Más de una vez desde esa sesión, he sentido que la familiar tensión y el deseo de hacer algo para abordar lo que me ha sacado o alejado del centro. Los gestos físicos de liberación, dejando ir y respirando profundamente, me ayuda a aceptar lo que fue que me desestabilizó, para estar presente a Cristo y orar por claridad sobre cómo actuar mejor, en lugar de reaccionar. No lo hago perfectamente, pero tal vez por eso se llama práctica espiritual.

El Domingo de Ramos escuchamos las palabras del Apóstol Pablo: “Cristo no considera la igualdad de Dios como algo a lo que aferrarse, sino que se vacía a sí mismo…” El vacío es dejar ir de nuestro alcance, dejar que el mundo tenga su camino, confiando en que Dios traerá el bien de lo que no podemos.

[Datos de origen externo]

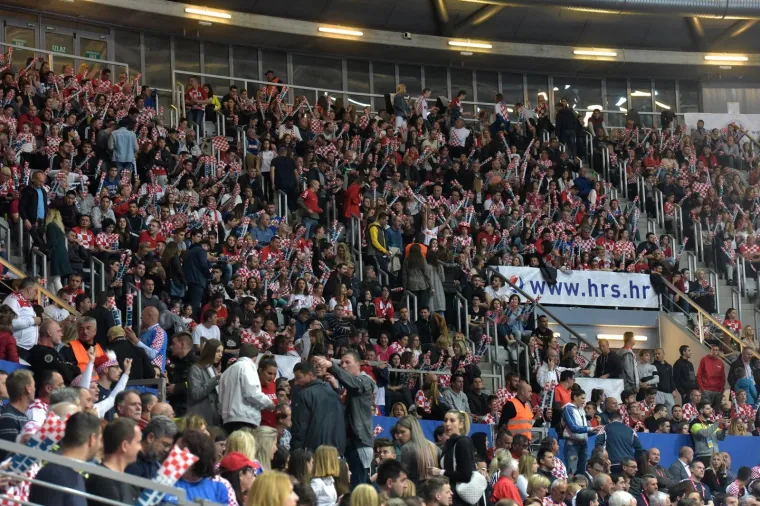 Zadrani priredili sjajnu atmosferu i nosili rukometa&scaron;e do pobjede protiv Srbije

Con cada aceptación de lo que no podemos cambiar, nos enfrentamos a una especie de muerte. Pero en Cristo la muerte siempre precede a la vida. “Las pérdidas que pensamos que seguramente nos matarían son las pérdidas que reorientan nuestras vidas”, escribe la monja benedictina Joan Chittister. Lo que termina la muerte, también comienza. Dolorosamente, tal vez. Temible, a menudo. Pero nunca sin nuevos desafíos, nuevos regalos, nuevas oportunidades. Es cuando cerramos las ventanas de nuestras almas y nos escondemos detrás del ayer que mañana nunca viene, no importa cuánto tiempo vivamos.”

Mientras oras esta Semana Santa, considera visualizar tu cuerpo cuando estés aguantando y soltando. Mientras lo haces, pregúntate qué haría falta para que dejes ir, aceptes o dejes morir, para que, en el tiempo de Dios, surja una nueva vida y tome vuelo.